Records from a dataset:
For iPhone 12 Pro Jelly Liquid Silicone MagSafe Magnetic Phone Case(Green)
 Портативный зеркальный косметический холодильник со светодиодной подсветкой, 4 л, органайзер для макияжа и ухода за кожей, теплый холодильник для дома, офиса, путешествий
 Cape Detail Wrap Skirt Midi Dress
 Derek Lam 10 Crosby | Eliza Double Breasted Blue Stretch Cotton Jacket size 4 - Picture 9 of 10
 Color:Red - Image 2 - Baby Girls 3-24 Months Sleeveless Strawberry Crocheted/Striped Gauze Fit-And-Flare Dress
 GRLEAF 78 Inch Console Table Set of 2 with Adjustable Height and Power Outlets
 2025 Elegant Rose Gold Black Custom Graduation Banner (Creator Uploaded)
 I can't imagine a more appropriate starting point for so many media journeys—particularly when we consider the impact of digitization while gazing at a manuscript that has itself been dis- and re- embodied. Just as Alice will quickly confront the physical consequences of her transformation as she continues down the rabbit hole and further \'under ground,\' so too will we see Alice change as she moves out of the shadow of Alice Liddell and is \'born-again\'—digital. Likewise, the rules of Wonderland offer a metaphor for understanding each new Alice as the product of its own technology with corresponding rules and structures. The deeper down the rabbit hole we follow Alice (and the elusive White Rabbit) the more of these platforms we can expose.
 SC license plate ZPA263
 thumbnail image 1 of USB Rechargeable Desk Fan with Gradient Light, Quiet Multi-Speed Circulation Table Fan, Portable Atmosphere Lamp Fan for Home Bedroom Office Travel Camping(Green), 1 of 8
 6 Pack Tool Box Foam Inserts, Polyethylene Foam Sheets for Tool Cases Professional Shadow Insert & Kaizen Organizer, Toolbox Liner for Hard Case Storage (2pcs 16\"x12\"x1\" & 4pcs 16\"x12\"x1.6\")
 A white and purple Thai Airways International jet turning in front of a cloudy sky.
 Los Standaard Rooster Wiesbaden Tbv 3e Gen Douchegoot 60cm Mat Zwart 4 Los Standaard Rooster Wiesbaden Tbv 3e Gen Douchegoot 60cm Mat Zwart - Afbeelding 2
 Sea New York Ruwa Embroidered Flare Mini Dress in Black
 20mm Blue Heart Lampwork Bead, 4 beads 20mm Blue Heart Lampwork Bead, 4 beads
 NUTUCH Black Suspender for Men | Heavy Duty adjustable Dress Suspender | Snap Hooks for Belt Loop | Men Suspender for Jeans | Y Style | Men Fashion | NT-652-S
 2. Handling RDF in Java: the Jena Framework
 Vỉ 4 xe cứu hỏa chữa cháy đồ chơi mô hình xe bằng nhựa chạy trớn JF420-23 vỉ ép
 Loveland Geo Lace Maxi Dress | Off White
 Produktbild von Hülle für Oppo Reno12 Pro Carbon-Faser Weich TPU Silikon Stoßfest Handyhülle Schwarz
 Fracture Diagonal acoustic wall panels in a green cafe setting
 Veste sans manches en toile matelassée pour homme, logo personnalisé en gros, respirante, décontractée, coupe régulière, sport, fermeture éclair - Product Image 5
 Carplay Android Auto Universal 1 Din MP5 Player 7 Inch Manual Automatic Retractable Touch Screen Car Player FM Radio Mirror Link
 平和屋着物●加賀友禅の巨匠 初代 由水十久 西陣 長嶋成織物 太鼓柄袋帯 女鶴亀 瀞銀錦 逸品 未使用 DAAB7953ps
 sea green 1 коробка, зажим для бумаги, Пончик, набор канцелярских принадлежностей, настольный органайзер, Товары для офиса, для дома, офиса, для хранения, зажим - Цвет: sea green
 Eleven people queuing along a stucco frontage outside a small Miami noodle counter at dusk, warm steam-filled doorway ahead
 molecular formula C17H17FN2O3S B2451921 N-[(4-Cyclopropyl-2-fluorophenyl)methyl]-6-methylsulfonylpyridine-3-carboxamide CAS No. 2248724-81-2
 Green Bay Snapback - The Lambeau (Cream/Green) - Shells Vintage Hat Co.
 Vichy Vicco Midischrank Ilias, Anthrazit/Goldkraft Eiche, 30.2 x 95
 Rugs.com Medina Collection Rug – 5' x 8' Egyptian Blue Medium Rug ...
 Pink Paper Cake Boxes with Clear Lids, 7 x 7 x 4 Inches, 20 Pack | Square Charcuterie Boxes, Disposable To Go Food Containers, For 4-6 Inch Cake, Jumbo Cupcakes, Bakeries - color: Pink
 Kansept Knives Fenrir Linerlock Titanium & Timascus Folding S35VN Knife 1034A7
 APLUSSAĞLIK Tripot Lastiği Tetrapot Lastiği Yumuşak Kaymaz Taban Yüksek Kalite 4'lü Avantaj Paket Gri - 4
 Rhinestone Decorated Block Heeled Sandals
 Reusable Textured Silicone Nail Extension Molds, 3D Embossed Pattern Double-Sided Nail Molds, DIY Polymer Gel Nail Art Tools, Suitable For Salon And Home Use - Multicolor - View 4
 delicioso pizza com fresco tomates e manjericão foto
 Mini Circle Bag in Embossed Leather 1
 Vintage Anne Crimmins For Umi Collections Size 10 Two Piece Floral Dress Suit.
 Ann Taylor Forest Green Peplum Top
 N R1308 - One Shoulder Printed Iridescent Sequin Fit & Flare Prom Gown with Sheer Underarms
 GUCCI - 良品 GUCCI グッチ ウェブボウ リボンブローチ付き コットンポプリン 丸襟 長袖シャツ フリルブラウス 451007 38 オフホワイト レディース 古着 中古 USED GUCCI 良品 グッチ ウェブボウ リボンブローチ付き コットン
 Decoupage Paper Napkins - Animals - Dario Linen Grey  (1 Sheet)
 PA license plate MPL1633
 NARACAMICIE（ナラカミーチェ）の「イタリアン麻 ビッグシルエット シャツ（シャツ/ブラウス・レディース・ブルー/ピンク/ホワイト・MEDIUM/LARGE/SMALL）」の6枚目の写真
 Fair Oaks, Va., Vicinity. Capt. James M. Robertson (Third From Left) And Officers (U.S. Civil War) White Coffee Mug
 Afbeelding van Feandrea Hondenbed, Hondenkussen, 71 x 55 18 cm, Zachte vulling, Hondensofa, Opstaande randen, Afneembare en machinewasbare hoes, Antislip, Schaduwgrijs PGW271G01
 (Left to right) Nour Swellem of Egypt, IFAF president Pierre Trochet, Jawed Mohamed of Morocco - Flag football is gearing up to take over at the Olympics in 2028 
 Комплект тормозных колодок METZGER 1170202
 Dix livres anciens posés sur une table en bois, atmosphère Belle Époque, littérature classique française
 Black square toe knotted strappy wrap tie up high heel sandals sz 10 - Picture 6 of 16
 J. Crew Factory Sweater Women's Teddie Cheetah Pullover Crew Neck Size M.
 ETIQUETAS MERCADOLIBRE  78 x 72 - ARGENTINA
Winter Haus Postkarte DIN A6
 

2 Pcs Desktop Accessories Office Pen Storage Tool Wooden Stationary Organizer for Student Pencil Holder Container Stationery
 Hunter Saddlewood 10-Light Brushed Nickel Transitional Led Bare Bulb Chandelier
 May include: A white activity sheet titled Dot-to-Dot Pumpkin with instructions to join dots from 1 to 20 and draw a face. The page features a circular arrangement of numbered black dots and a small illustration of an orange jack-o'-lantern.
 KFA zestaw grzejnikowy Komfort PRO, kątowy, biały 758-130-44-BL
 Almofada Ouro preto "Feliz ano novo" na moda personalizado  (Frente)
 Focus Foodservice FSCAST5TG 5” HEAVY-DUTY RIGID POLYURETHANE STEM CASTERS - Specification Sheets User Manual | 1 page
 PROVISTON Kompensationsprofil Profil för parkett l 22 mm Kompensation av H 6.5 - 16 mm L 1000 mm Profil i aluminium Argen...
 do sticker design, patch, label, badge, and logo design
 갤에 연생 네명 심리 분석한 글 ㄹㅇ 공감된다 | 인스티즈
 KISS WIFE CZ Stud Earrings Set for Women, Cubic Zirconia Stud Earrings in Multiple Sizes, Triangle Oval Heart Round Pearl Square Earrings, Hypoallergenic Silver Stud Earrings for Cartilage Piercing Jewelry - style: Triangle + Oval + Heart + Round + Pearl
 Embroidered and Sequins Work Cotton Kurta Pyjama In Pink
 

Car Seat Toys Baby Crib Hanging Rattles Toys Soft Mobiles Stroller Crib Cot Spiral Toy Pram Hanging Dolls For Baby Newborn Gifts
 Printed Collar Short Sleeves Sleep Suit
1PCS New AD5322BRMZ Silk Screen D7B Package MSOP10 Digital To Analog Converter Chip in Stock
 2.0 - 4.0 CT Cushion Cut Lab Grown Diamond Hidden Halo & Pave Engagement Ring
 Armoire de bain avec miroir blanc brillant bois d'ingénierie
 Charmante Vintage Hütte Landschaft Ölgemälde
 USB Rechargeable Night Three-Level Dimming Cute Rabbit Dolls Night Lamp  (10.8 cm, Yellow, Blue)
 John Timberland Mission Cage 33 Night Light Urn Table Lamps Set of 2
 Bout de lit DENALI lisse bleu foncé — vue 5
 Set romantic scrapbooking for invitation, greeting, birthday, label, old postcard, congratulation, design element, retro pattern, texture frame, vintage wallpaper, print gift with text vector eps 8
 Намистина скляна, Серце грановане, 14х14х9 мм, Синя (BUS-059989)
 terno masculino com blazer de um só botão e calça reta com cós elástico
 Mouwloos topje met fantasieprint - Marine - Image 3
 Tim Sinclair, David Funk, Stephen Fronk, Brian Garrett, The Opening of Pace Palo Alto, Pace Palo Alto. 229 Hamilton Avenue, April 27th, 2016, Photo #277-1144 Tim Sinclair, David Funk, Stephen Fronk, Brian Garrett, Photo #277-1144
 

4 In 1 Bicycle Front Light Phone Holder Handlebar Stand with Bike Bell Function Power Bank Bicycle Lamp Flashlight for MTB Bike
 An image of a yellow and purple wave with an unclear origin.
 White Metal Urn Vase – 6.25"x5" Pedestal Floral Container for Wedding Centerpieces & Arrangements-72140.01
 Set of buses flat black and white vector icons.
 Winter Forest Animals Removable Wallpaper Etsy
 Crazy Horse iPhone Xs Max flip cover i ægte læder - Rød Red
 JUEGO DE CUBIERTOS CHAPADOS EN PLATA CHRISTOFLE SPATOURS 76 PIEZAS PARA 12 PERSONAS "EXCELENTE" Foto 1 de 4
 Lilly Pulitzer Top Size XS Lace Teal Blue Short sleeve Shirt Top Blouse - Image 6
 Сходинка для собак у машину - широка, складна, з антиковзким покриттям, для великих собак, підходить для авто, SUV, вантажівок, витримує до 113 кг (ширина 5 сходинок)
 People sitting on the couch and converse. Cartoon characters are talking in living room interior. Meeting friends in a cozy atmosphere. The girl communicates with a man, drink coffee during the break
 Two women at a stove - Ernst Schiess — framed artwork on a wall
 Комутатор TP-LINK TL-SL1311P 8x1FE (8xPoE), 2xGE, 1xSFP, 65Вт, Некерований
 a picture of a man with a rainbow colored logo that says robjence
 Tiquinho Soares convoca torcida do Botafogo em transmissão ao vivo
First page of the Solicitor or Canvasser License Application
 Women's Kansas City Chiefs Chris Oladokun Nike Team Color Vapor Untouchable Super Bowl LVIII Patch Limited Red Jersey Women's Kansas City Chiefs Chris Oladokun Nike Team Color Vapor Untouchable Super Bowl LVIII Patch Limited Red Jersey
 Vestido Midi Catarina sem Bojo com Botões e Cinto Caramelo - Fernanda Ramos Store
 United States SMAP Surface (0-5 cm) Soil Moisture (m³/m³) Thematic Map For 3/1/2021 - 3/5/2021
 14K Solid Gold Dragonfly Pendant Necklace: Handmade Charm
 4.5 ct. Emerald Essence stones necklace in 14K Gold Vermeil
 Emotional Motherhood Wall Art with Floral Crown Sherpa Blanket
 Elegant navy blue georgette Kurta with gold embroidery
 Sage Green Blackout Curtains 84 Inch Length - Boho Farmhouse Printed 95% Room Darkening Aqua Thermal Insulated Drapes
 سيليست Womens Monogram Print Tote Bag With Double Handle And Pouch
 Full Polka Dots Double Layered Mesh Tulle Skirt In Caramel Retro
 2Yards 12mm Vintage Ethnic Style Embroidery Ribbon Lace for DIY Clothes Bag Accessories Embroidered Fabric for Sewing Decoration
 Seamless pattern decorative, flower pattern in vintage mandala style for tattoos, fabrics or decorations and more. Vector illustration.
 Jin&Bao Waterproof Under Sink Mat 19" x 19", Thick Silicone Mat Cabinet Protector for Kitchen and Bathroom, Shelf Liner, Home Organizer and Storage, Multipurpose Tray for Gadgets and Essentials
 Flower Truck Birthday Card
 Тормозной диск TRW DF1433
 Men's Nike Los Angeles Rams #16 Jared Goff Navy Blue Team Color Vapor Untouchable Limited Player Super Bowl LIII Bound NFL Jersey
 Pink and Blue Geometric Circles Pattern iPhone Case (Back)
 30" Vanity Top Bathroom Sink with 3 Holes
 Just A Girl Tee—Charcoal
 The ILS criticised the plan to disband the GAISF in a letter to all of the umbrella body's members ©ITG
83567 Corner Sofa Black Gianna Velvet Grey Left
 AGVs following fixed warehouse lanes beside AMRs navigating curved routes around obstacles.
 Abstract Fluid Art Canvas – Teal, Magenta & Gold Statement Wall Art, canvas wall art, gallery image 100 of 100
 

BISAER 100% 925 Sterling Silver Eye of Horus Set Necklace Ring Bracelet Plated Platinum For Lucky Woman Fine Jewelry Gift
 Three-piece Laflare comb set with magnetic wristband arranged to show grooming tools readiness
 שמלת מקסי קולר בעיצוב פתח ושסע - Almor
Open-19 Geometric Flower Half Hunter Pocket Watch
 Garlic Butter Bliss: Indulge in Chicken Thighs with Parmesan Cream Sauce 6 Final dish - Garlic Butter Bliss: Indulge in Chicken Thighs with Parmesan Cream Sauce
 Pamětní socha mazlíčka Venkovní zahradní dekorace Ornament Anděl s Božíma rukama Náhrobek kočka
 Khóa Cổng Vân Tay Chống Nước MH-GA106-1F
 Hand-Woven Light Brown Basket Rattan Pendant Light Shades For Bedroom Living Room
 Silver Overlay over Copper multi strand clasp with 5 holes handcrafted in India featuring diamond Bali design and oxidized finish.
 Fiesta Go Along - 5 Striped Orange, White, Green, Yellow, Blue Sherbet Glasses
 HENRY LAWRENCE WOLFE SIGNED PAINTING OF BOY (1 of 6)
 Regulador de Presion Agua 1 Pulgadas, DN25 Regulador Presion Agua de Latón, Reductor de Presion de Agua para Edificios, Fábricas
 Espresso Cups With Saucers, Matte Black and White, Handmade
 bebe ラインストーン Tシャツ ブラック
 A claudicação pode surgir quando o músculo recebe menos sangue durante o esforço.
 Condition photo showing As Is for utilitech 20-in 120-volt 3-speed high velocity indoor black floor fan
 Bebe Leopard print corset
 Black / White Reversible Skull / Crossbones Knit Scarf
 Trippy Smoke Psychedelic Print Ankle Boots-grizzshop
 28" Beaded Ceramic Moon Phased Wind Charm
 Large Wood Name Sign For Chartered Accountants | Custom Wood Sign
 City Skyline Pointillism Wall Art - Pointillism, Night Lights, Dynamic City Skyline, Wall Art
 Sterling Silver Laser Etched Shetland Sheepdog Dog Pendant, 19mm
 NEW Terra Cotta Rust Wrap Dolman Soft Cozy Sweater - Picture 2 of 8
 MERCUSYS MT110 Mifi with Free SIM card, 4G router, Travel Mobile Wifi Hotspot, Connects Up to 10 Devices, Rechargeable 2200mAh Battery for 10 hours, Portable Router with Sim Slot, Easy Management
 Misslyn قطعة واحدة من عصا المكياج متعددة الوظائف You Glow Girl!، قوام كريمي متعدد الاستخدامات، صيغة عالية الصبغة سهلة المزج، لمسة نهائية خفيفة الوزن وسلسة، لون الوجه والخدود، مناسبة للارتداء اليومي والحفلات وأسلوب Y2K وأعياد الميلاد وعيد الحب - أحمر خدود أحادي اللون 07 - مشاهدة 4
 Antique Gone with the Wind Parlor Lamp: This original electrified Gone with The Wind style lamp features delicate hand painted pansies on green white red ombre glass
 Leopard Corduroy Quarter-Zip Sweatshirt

> **Work order**
Your output should consist solely of the lines from the beginning of the entries through the line containing "2025 Elegant Rose", reproduced exactly.

> **Task answer**
For iPhone 12 Pro Jelly Liquid Silicone MagSafe Magnetic Phone Case(Green)
 Портативный зеркальный косметический холодильник со светодиодной подсветкой, 4 л, органайзер для макияжа и ухода за кожей, теплый холодильник для дома, офиса, путешествий
 Cape Detail Wrap Skirt Midi Dress
 Derek Lam 10 Crosby | Eliza Double Breasted Blue Stretch Cotton Jacket size 4 - Picture 9 of 10
 Color:Red - Image 2 - Baby Girls 3-24 Months Sleeveless Strawberry Crocheted/Striped Gauze Fit-And-Flare Dress
 GRLEAF 78 Inch Console Table Set of 2 with Adjustable Height and Power Outlets
 2025 Elegant Rose Gold Black Custom Graduation Banner (Creator Uploaded)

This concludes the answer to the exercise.